Did a Fox News executive decide to go after Congressman Frank because O'Reilly was embarrassed in front of 800,000 people who caught the meltdown on YouTube? That's the more obvious, and superficial, motivation. Frank also impugned the veracity of reporting by Brit Hume, who dutifully repeats lies fed to him by Karl Rove. Here's Congressman Frank setting the record straight on O'Reilly:

"You've misrepresented this consistently. I became chairman of the committee on January 31st, 2007. Less than two months later, I did what the Republicans hadn't been able to do in 12 years -- get through the committee a very tough regulatory bill...The Senate was dragging its feet, as often happens. And in January of 2008, I asked Secretary Paulson to put in the stimulus bill. So the earliest chance I got to put tough regulation of Fannie Mae and Freddie Mac, we did it."

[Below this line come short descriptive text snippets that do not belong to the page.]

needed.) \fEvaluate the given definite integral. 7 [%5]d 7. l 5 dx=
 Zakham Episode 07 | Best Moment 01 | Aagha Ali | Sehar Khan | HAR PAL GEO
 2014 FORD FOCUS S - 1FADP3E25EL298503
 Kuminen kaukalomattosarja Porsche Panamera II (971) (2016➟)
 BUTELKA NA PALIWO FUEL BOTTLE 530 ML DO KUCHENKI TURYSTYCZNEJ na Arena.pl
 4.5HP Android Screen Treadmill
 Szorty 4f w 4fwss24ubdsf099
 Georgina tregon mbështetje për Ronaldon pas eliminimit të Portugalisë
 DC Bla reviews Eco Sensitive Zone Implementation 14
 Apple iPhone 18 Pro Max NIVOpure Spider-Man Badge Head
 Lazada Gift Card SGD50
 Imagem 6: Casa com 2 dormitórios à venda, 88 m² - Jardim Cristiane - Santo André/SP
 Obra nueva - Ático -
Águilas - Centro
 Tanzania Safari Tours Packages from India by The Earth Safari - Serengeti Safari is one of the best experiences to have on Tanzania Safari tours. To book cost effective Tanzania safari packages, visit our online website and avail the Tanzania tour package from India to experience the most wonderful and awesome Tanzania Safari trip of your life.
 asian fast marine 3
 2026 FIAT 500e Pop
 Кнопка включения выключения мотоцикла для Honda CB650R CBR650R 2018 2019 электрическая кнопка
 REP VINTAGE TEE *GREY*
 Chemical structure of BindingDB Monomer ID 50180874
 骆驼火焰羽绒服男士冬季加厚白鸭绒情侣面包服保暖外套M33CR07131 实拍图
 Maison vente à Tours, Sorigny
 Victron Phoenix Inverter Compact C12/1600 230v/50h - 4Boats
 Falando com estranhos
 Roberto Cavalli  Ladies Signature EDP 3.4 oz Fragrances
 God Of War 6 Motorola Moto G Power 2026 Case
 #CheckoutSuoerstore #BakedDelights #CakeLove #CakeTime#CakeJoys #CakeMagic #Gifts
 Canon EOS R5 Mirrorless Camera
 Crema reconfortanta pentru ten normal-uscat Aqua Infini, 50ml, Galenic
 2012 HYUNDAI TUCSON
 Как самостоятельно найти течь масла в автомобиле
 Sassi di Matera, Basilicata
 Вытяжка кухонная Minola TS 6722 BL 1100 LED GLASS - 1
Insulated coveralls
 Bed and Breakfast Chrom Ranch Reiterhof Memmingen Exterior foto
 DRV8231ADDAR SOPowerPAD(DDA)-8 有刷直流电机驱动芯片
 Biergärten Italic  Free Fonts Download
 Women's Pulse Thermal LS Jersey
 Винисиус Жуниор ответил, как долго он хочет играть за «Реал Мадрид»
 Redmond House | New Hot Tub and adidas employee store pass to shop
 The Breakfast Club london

And here's Brit Hume lying yesterday on Fox News Sunday:

"And what happened here is -- and Fannie Mae and Freddie Mac were very much at the center of this. And it is an odd and, I think, unusual paradox of this whole situation that it was actually Republicans at critical junctures who were pushing for more regulation. Normally they push for less. In this instance, they were pushing for more. And it was principally Democrats, led by Barney Frank, Chris Dodd and others, some Republicans as well -- Bennett of Utah being a conspicuous example -- who resisted this, successfully in the end.

"And there was an effort to -- made to appoint a world-class regulator, as the phrase goes, to supervise Fannie Mae and Freddie Mac, which were -- which were creating a market for these packages of mortgages, some good, some bad. They would buy them up and securitize them, sell them, and it enabled a lot of -- a lot of entities, big banks and investors to get in on the housing boom."


Hume paraphrased Karl Rove, who was quoted at length in "Media Mum on Barney Frank's Fannie Mae Love Connection."

"'All of this bad stuff on Wall Street happened because people got greedy and the greed started at Fannie Mae and Freddie Mac,' Rove said. 'And I know this because five years ago, the administration was alerted by the regulator, James Lockhart, that there was insufficient authority and that these institutions - particularly Fannie - were out of control.'

"Rove said the Bush administration's efforts to reform Fannie and Freddie were opposed by congressional Democrats - specifically Frank and Senate Banking Committee Chairman Christopher Dodd, D-Conn.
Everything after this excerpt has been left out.